Na Amazônia brasileira, essa vulnerabilidade é evidente: comunidades indígenas, populações tradicionais e trabalhadores rurais são afetados por condições de calor intenso sem a devida cobertura de políticas públicas de saúde e infraestrutura.

Impacto desigual

Segundo o levantamento, dos 3,5 bilhões de habitantes das zonas tropicais, 452 milhões vivem em áreas que sofreram desmatamento entre 2001 e 2020. Desse total, 33 milhões foram expostos a aumentos de temperatura superiores a +1 °C; 8 milhões a mais de +2 °C; e 2,6 milhões a mais de +3 °C.

Na África tropical, 148 milhões de pessoas foram impactadas; no Sudeste Asiático, 122 milhões; e nas Américas Central e do Sul, 67 milhões. Na Amazônia, a exposição é menor em números absolutos devido à dispersão populacional, mas os efeitos locais são severos, já que o desmatamento se concentra em áreas de fronteira agrícola e de expansão urbana, justamente onde vivem populações em situação de maior vulnerabilidade.

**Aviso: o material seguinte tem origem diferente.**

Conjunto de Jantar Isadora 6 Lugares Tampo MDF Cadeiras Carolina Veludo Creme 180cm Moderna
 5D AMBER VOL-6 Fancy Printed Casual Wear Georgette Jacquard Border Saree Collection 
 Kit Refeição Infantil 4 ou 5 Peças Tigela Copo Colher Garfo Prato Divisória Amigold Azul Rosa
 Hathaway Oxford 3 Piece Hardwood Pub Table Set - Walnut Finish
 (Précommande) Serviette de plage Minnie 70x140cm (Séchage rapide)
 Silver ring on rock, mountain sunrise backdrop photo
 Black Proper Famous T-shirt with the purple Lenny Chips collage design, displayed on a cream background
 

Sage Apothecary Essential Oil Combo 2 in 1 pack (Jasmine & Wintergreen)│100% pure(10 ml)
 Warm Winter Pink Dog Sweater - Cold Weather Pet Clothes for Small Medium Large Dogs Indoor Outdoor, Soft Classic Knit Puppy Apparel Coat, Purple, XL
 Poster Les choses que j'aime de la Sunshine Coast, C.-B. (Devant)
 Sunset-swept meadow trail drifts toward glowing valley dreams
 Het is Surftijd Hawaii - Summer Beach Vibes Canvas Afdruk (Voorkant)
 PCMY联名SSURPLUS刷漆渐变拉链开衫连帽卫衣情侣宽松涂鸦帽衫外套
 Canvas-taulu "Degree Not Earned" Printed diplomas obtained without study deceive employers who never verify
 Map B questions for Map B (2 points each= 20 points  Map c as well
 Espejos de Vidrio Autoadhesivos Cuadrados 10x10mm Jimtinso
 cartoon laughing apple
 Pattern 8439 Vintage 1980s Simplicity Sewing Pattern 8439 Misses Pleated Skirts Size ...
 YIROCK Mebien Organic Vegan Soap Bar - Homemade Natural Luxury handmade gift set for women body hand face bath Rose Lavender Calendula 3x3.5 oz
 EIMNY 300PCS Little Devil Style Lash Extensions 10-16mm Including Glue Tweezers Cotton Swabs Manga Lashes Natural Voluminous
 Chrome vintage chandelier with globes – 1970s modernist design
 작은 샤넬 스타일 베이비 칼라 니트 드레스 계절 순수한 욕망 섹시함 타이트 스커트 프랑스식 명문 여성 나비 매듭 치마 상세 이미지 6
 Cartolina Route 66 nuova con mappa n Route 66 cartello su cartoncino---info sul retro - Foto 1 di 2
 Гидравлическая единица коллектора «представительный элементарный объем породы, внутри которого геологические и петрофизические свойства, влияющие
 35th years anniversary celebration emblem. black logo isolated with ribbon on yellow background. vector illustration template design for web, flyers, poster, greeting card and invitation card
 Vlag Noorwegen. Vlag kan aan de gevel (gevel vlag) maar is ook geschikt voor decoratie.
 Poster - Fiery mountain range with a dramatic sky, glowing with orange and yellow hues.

Desmatamento como questão de saúde pública

A coautora do estudo, a pesquisadora da Fiocruz Piauí, Beatriz Oliveira, ressalta que o desmatamento não é apenas um problema ambiental, mas também de saúde pública:

“Além da regulação climática, os serviços ecossistêmicos florestais são essenciais para o bem viver e a qualidade de vida das populações locais. Assim, a redução do desmatamento também é uma questão de saúde pública, pois evitamos mortes por calor e garantimos condições climáticas mais favoráveis para populações em situação de vulnerabilidade”, afirmou.

Amazônia: um alerta antecipado

Os autores do estudo lembram que o aquecimento induzido pelo desmatamento pode representar mais de um terço das mortes relacionadas ao calor atribuídas às mudanças climáticas. Para a Amazônia, isso reforça a gravidade do avanço da fronteira do desmatamento e seus efeitos invisíveis: não apenas perda de biodiversidade e emissão de carbono, mas também impacto direto sobre a saúde das populações locais.